Maybe 'Minsky Moment' or perhaps 'Moron Moment'...

Tom Hickey said...

Thanks, Ramanan. I updated the post with Salmon's response.

Tom Hickey said...

Matt: ""World Bank chief warns of euro's 'Lehmans moment'"

Maybe 'Minsky Moment' or perhaps 'Moron Moment'..."

I am concerned about a Credit-Anstalt moment. If you aren't clear on the significance of that, have a look at the link.

Being very successful, it [C-A] became the largest bank of Austria-Hungary. It declared bankruptcy on May 11, 1931. It has been said that this event resulted in a global financial crisis and ultimately the bank failures of the Great Depression

Dan Kervick said...

Seems they both agree.

Ben said...

Off topic, but there's an absolute corker of an article here by Niall Ferguson: "Why the Young Should Welcome Austerity":


Tom Hickey said...

Ferguson: "If young Americans knew what was good for them, they would all be in the Tea Party."

We already knew the man was clueless. This lowers him to moron status.

Matt Franko said...

It goes beyond NF imo Tom.

He fancies himself somewhat of a historian i guess in addition to some sort of economist.

ANYONE in the academe of History, who interprets the history within an assumption of exogenous "money" is also a moron I'm afraid who is training more young people to be morons too.

This part of the academe of history is a disgrace in addition to the academe of orthodox economics... looks like NF has a foot in both moron camps.

This widespread mental phenom just continues to amaze...


Matt Franko said...

No historians (however some economists do) imo fully appreciate the significance of Lincoln going over to Greenbacks to provision the US during the civil war.... this is "glossed over" imo, or treated as some sort of insignificant historic anomaly, or 'stop-gap measure' by moron mainstream historians who look like they have been brainwashed to think "money" is exogenous...

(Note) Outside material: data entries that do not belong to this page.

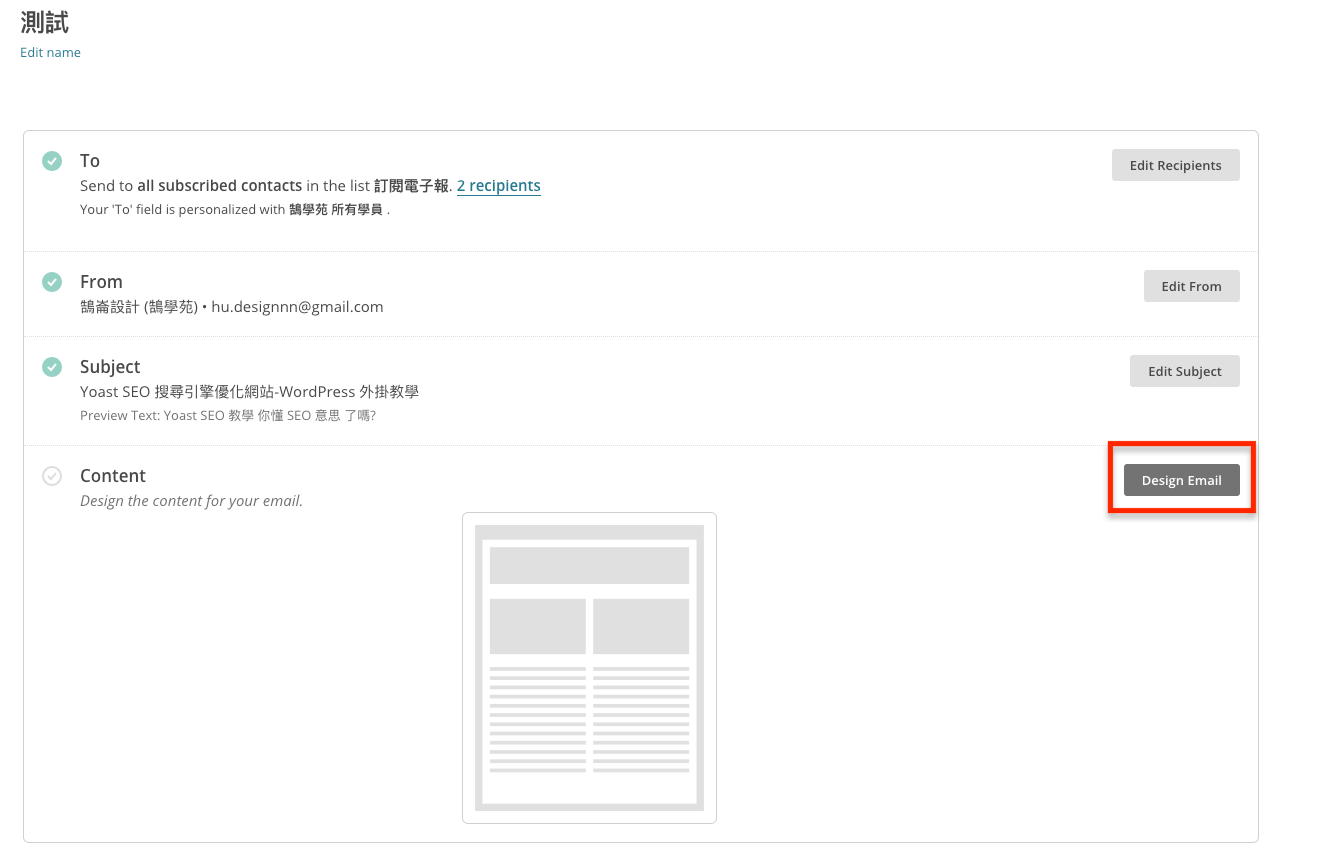 MailChimp 教學中文 訂閱電子報行銷工具 WordPress必學知識 MailChimp 教學 中文 訂閱 電子報 行銷 工具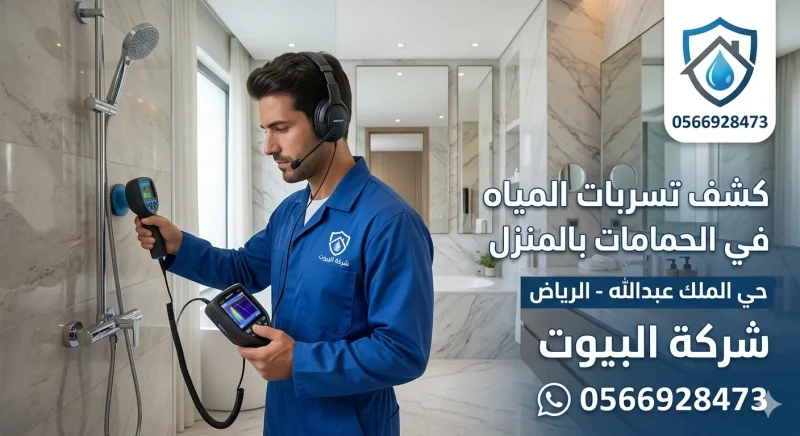 كشف تسربات المياه بحي الملك عبدالله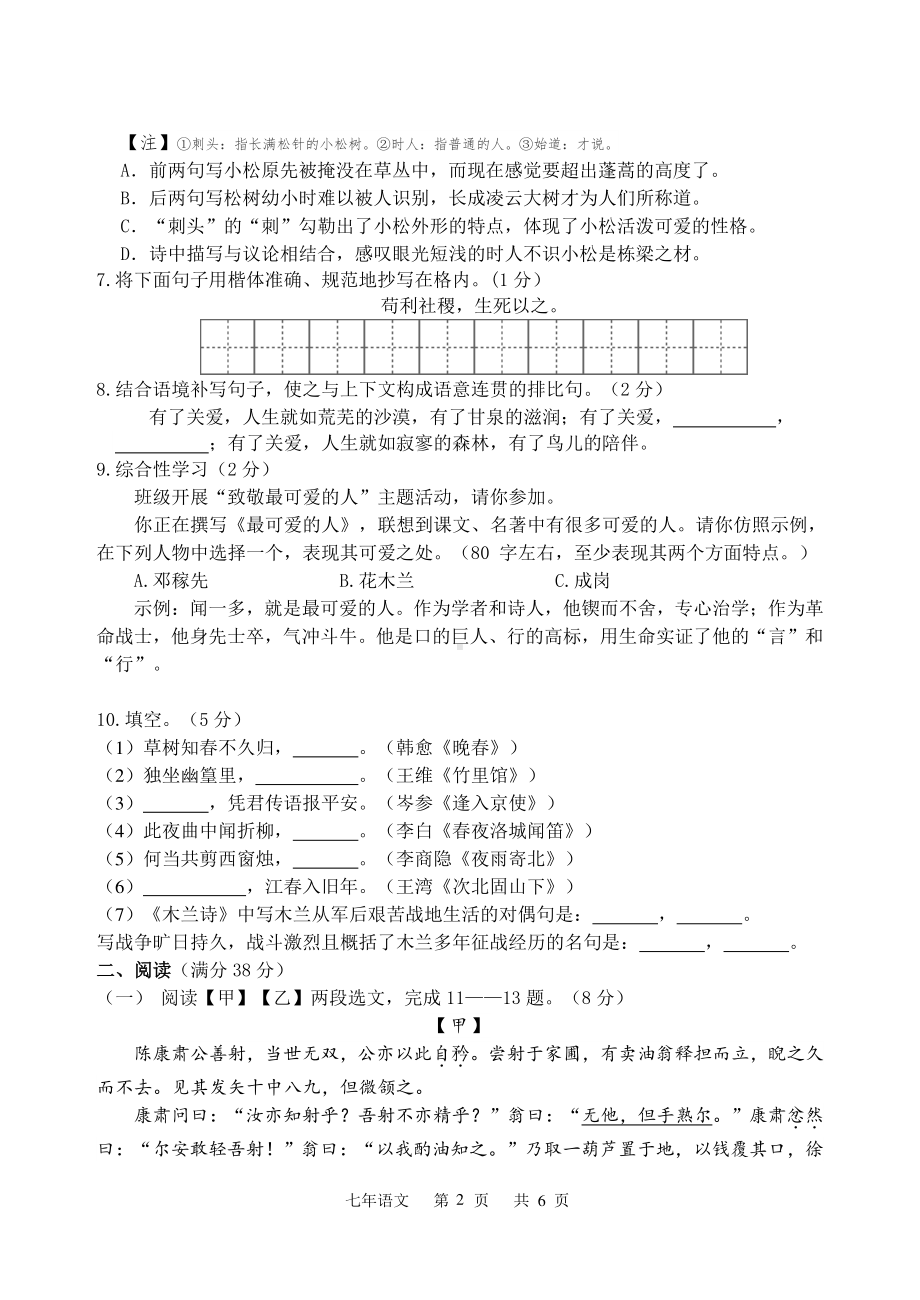 辽宁省鞍山市第二中学2021-2022学年七年级下学期期中语文试题.pdf_第2页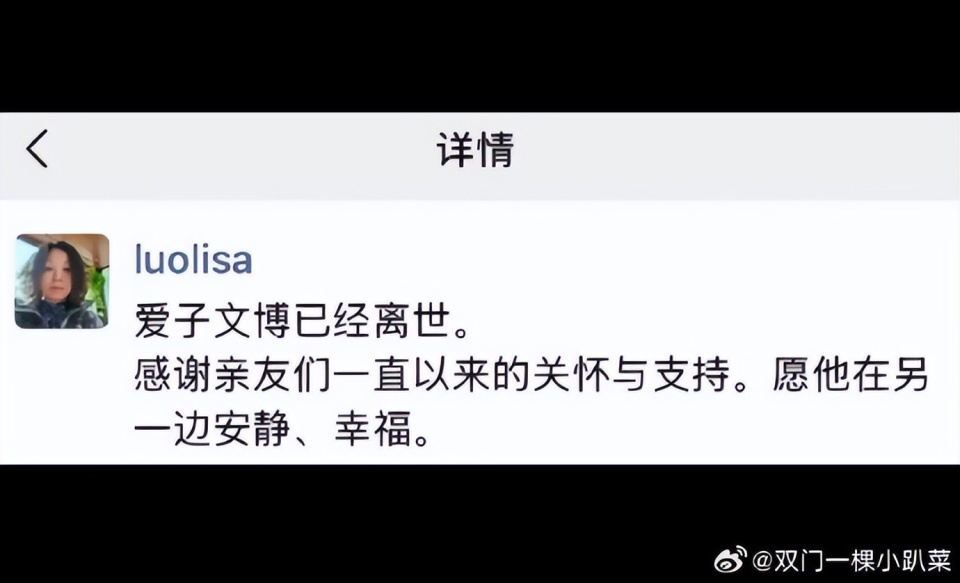 當紅男歌手「驚傳身亡」震撼歌壇！媽媽悲痛證實：「上個月才發新歌...」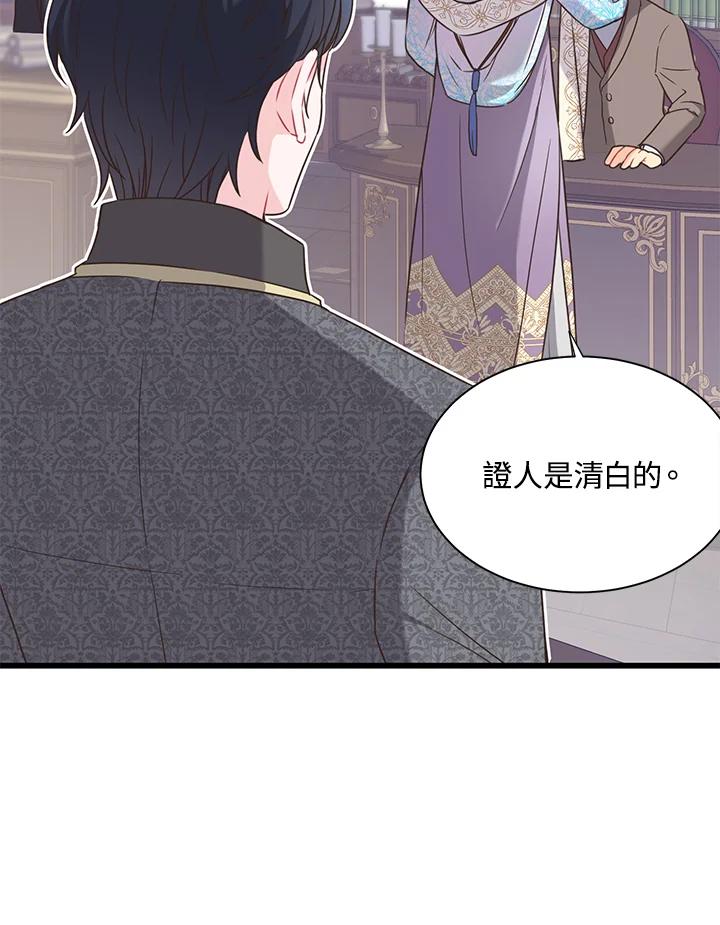 《恶棍公爵强求我的爱》第45话 第130页
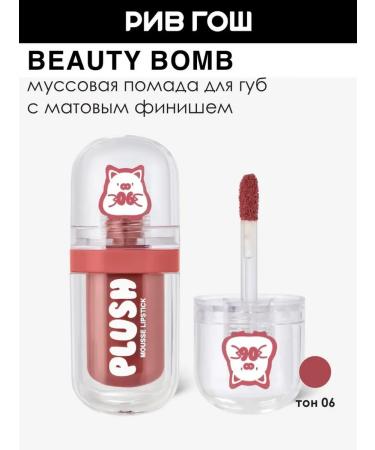 Beauty Bomb Lipstick for the lips Mussovaya 2.5 g 06 bright pink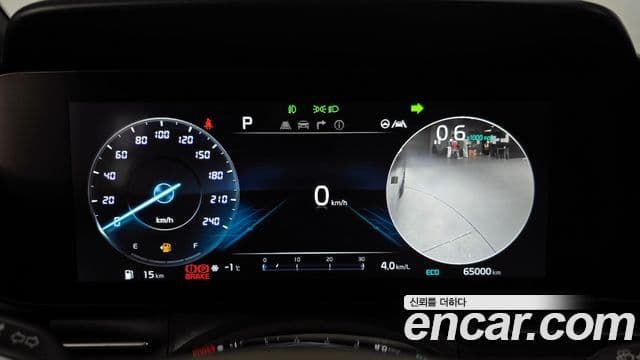 Kia Carnival 4세대 бензин 9인승 High Limousine(компания по спецнадстройкам), 2023 8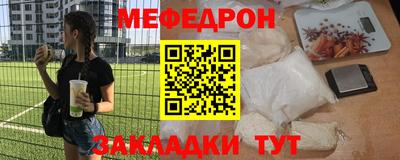 прущая мука Краснокаменск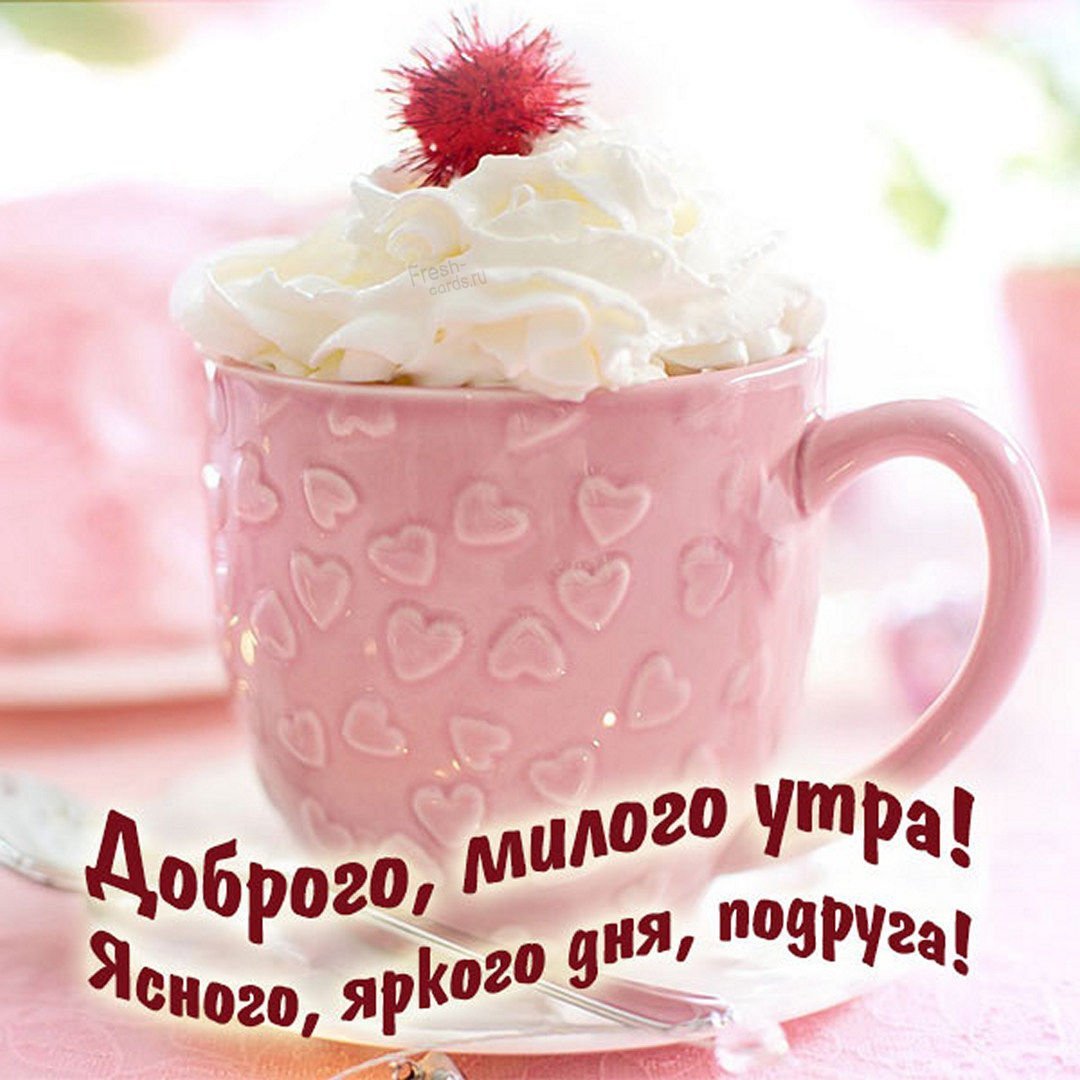 Если солнце в душе никакие тучи не испортят ваш день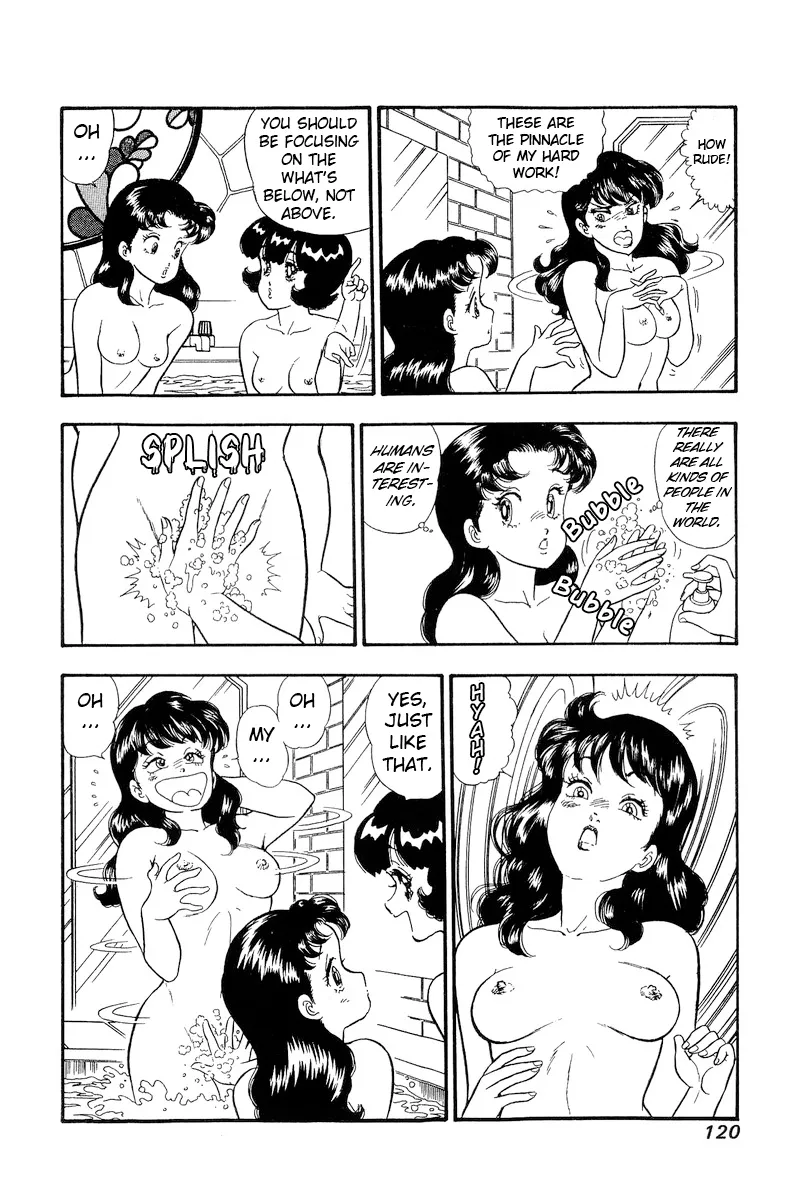 Read Amai Seikatsu chapter 191 image 4 on Lezhin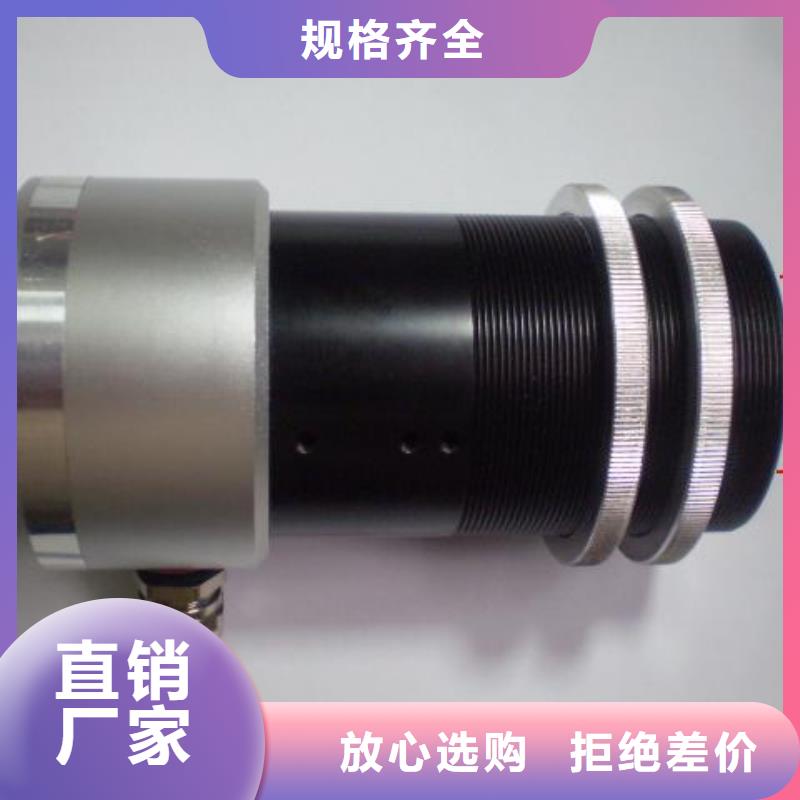 WH-IR雙激光瞄準(zhǔn)紅外測(cè)溫傳感器、WH-IR雙激光瞄準(zhǔn)紅外測(cè)溫傳感器價(jià)格本地品牌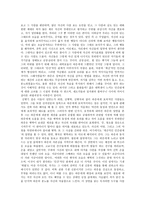 운현궁의 봄 -2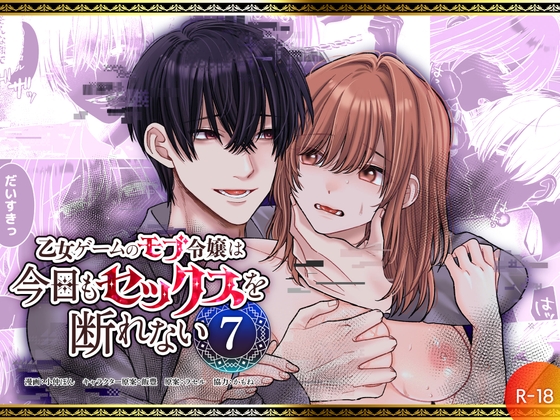 乙女ゲームのモブ令嬢は今日もセックスを断れない7【フリーハンドコミック】  エロ画像1592895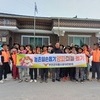 무안의용소방대, 농촌일손돕기로 ‘지역상생’ 실천… 영농철 맞아 따뜻한 손길 이어져
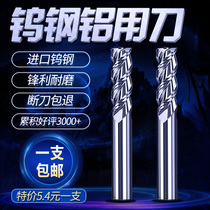 55 degree 3-blade high-gloss imported tungsten steel aluminum knife hard alloy aluminum milling cutter straight shank aluminum special knife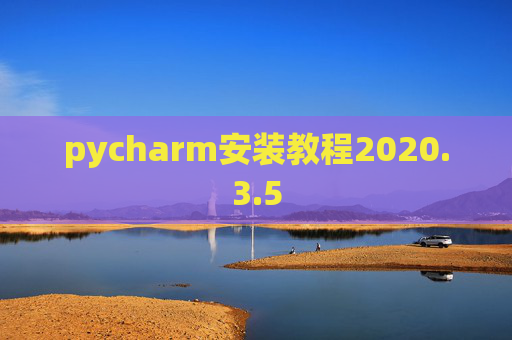 pycharm安装教程2020.3.5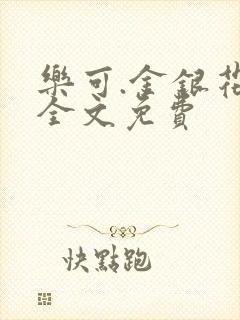 乐可.金银花露全文免费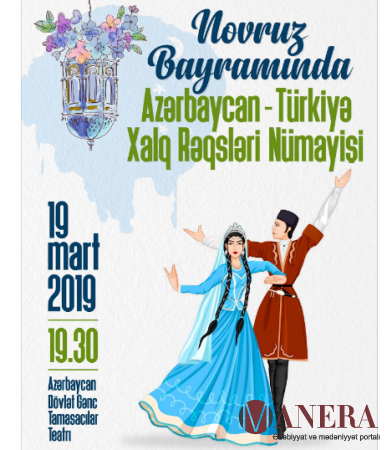 Azərbaycan- Türkiyə xalq rəqsləri nümayiş olacaq
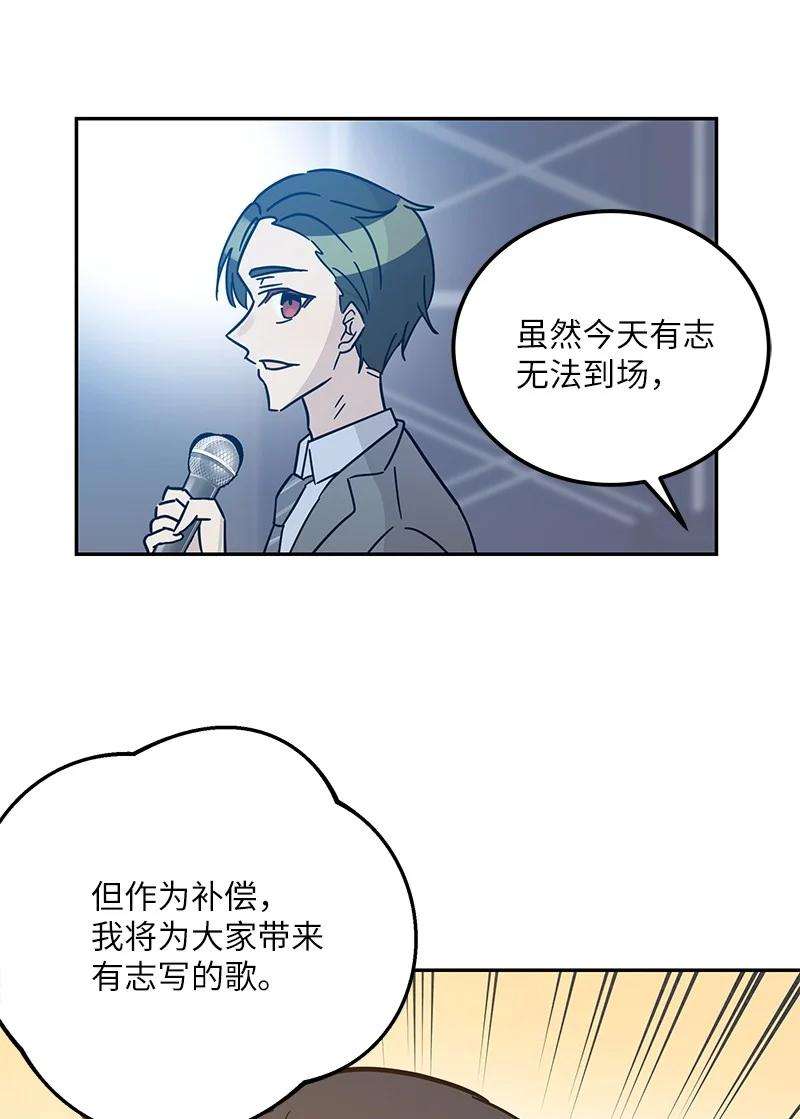 我的叔叔是超级巨星94 给申钟润写歌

History in FACT, thru the archeology record for all intents never depicts systems of exogenous "money" as far as I can tell.


Tom Hickey said...

Right, Matt. NF is a history prof rather than an economist. He is in way over his head.

Niall Ferguson, MA, D.Phil., is Laurence A. Tisch Professor of History at Harvard University. He is also a Senior Fellow at the Hoover Institution, Stanford University, and a Senior Research Fellow at Jesus College, Oxford.

From his cv

Matt Franko said...

Oh this is rich from NF:

"The heart of the matter is the way public debt allows the current generation of voters to live at the expense of those as yet too young to vote or as yet unborn."


It's not us doing all of the work today.... It's the UNBORN still in the womb! HA! What are they doing in there??? All those expectant moms thought they were just kicking around, but no, NF informs us that they are WORKING in there! HA!

What a moron!!!

This is amazing...

jrbarch said...

It seems Greeks are the abused child - wanting to be beaten even more because that's love; and the only place a meal can come from?

Matt Franko said...

Greek Vote breakdown by age:

18-34 SYRIZA 33%, ND 20%
35-54 SYRIZA 34%, ND 24%
55+ ND 39%, SYRIZA 20%

Anonymous said...

Niall Ferguson believes that any kind of "money printing" by the government is necessarily inflationary. This odd belief leads him to reach his ridiculous conclusions, i.e. that the as yet unborn will pay heavily for our 'debts'.

He has zero understanding of basic monetary economics. The man is an offensive, idiotic joke.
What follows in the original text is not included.